Alexander Nübel – gesunder Ehrgeiz oder Größenwahn?

Alexander Nübel – gesunder Ehrgeiz oder Größenwahn?

16. Juni 2019 9 Von Susanne Hein-Reipen

Alexander Nübel verdrängte zu Beginn der Rückrunde Stammkeeper und Kapitän Ralf Fährmann auf die Bank. In den folgenden Spielen ließ er mehrfach enormes Potential und Nervenstärke erkennen, hatte aber auch noch kleine Patzer.
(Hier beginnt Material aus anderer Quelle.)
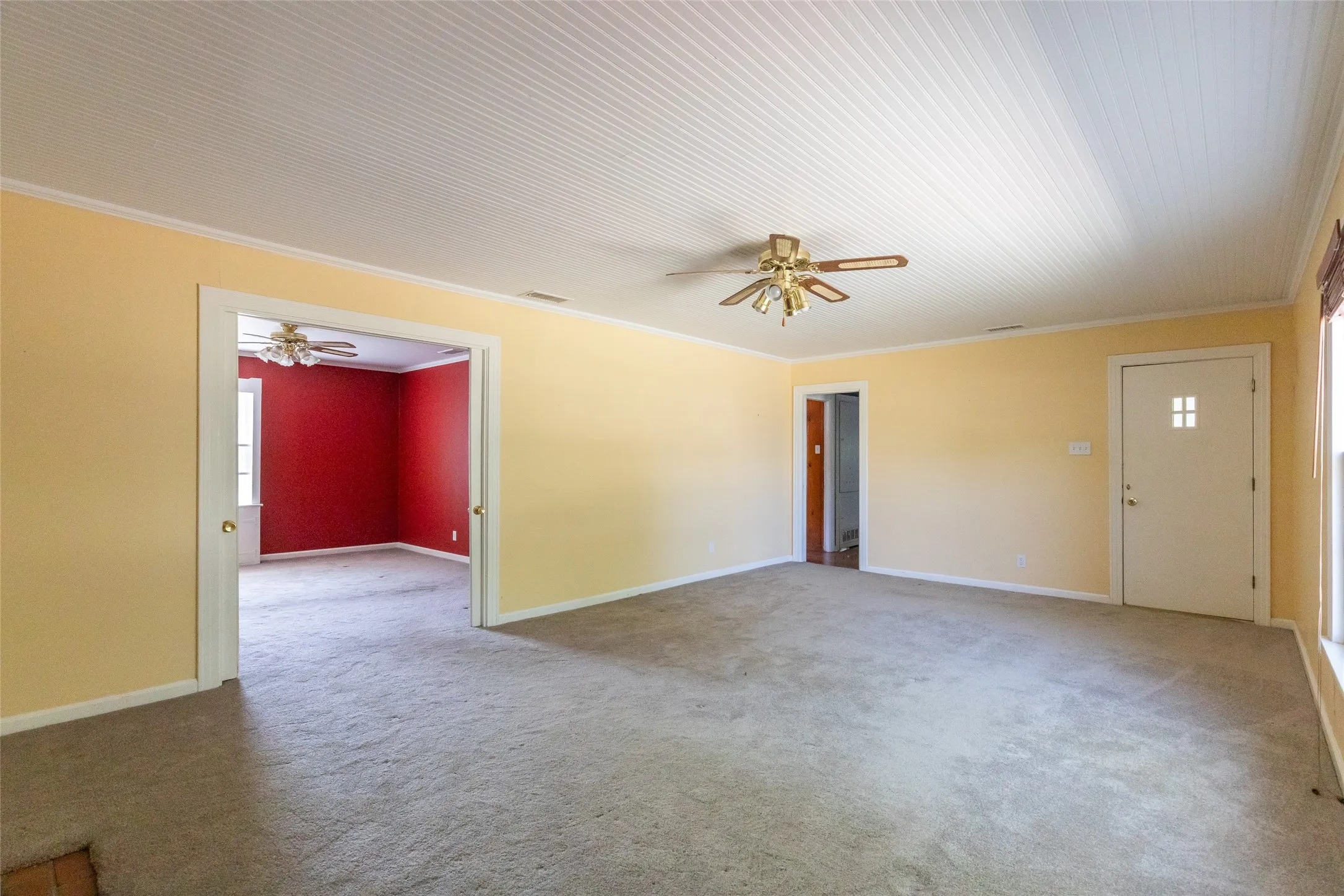 Retail For Sale in Taylor County , 3035 Buffalo Gap Road, Abilene, Texas 79605, 0, 0, Garage spaces, 0 Sqft, built in 1965, Price $599,000, mls#21312528, Real Estate Agent in Abilene, Homes For Sale in Taylor county, Homes For Sale in Abilene, Realtor in Abilene Texas, Real Estate Brokerage Independent Realty Texas, Luminita Cordes Realtor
In Interviews nimmt er kein Blatt vor den Mund – Susanne Hein-Reipen ist der Meinung, dass ihm mehr Bescheidenheit und Demut gut zu Gesicht stünden.

Bereits in der Winterpause erklärte Nübel in Pressegesprächen mehrfach, dass er nicht mehr lange auf der Bank sitzen wolle und einen Wechsel oder eine Leihe anstrebe, wenn er auf Schalke nicht regelmäßig spiele. Zu Beginn der Rückrunde entthronte der damalige Chefcoach Domenico Tedesco dann tatsächlich Kapitän und Vereinsikone Ralf Fährmann. Selbst als Nübel direkt im dritten Spiel gegen Borussia Mönchengladbach wegen einer Notbremse mit Rot vom Platz flog, hielt Schalke an ihm fest und stellte ihn nach Ablauf der Sperre wieder zwischen die Pfosten.
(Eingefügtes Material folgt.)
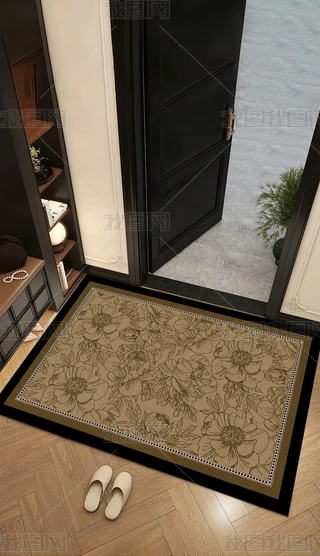 СLΨ̺йLMTԡҵ؉|͹T؉|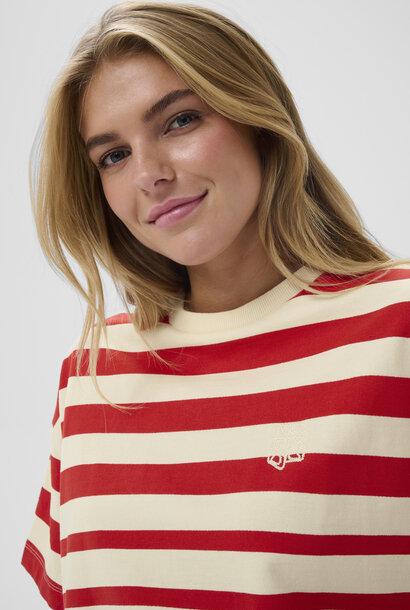 philene shirt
„Keinen Druck zu verlängern“

Alexander Nübels Vertrag bei den Königsblauen läuft noch bis zum 30. Juni 2020, wobei Ex-Manager Christian Heidel offenbar irrtümlich davon ausging, dass dieser sich automatisch um ein weiteres Jahr verlängern würde. Als im März erste Gerüchte über einen möglichen Wechsel zu Bayern München aufkamen, äußerte Nübel, dass er frühestens nach der U 21 -Europameisterschaft über einen neuen Vertrag nachdenke. Im Mai legte er öffentlich nach: Von Schalke sei „nichts gekommen“, obwohl er „ja ein paar Spiele gemacht habe“. Als Schalke 04 hätte „ich sicher anders agiert, aber ich kenne nicht die Strategie des Klubs“.  Jetzt verspüre er keinen Druck zu verlängern.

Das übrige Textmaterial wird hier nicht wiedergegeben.